Just two more weeks until the Port of Houston sees the arrival of the third of three new high-performance emergency response vessels, completing what some describe as the most sophisticated fireboat fleet in the world.

The new fireboats, all of the ‘FireStorm 70’ model, operate as a state-of-the-art command center and high-speed response vessel built by MetalCraft. Each fireboat comes equipped with powerful quad diesel inboard engines for a top speed of 45 knots. The current fleet clocks in at just 14 and 16 knots.

VIDEO: 500 Knots on the Houston Ship Channel

Part firehouse, part boat, the vessel enables the crew to stay on station for extended periods. The cabin includes a primary care berth with four secondary berths in the cuddy. Portable berths can be positioned in the aft equipment cabin to handle injuries during incident.

Four firefighting pumps can produce flow meter results of 13,600 gallons per minute (GPM) at 150 pounds per square inch (PSI) and 17,000 GPM at 130 PSI and stream up to 450 feet with a roof-mounted Stang monitor. This is three times the discharge rate of any of the current Port Authority fireboats. As a shore hydrant, the FireStorm 70 can pump an impressive 7,000 GPM at 70 PSI through 1,000 feet of hose from a 5″ Storz outlet before staging pumps are required.

Each fireboat is 70’10” long with a breadth of 22’10” and a draft of 34 inches.

The Port of Houston Fire Department operates three fire stations stationed along the 52-mile-long Houston Ship Channel. The new boats replace three retiring fireboats commissioned in 1973 and 1983.

A four-member crew, which includes two from the Port of Houston Authority’s Fire Department, is escorting the vessel to Houston on a two week voyage through the Great Lakes and the Mississippi River. The vessel will be piloted by Captain Ron Peddle, an owner of MetalCraft Marine with 33 years of experience piloting ships and 35 years of building boats.

“The Port of Houston is one of the nation’s busiest ports, and protecting this national asset is essential to the economic well-being of Houston, Texas and the nation,” said Port Authority Executive Director Roger Guenther. “This vessel completes our new fleet, providing our firefighters with the advanced equipment needed to help save lives and property along the Houston Ship Channel.”
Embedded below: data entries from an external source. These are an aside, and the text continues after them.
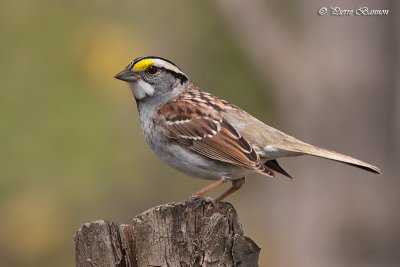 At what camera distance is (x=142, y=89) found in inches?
296

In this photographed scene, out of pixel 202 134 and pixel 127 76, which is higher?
pixel 127 76

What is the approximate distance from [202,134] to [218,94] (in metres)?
8.29

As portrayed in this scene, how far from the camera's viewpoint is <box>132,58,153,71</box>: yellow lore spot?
7441mm

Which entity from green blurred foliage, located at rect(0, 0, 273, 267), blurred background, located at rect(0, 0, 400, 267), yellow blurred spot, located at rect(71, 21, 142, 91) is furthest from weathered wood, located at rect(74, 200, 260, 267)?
yellow blurred spot, located at rect(71, 21, 142, 91)

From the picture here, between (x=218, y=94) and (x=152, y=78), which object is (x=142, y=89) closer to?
(x=152, y=78)

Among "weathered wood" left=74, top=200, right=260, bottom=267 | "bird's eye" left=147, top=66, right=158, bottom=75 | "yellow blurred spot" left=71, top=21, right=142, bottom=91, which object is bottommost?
"weathered wood" left=74, top=200, right=260, bottom=267

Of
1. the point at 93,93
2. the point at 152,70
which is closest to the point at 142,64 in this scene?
the point at 152,70

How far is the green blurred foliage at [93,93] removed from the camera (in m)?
14.6

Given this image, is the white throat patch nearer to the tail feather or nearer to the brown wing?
the brown wing

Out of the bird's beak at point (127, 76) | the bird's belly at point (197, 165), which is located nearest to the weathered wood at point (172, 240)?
the bird's belly at point (197, 165)

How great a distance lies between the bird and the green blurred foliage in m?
6.17

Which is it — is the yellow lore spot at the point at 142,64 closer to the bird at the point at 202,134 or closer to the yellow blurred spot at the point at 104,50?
the bird at the point at 202,134

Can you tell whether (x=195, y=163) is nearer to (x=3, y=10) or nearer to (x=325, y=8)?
(x=325, y=8)

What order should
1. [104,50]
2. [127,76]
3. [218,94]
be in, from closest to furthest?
[127,76], [104,50], [218,94] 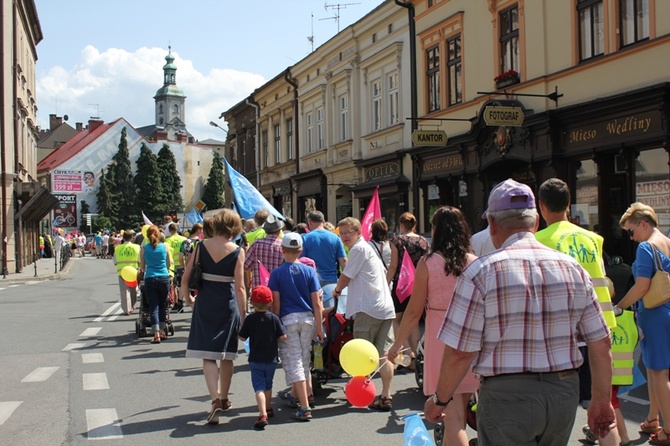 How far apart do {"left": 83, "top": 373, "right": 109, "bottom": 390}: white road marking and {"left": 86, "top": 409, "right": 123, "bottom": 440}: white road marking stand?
43.8 inches

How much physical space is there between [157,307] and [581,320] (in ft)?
30.3

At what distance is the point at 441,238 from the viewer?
4914mm

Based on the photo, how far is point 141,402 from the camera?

The emergency response vessel journey is scheduled to take the following course from Lake Ontario and Lake Erie to Detroit, Mich. (May 16) and then across Lake Huron and Lake Michigan to Chicago, Il. (May 18). From Chicago, the journey continues on the Cumberland River to Peoria, Il. (May 19). Then following the Illinois River, the fireboat sails on to St. Louis, Mo. (May 20), where it will enter the Mississippi River and continue with stops in Memphis, Tenn. (May 22), Vicksburg, Tenn. (May 23) and from New Orleans (May 23). A final stop will be made at Galveston, Texas (May 24) before arriving at the Port of Houston on about May 28.

“The entire MetalCraft team is honored to have been given this contract by the Port of Houston Authority,” said Michael Allen, General Manager of MetalCraft Marine. “Under the guidance of Project Manager Jay Milner and Design Manager Ryan Hunter, our team of craftsmen put in over 20,000 hours to build this industry-leading fast response FireStorm 70.

“During the build process, we worked closely with many people from the Port of Houston Authority and got to know them well. It is obvious that they take great pride in their very important roles, and we are proud to be building our most well- equipped FireStorm for them. Our goal is to provide the perfect boat for each of our customers, and we hope the Port of Houston Authority feels we have succeeded.”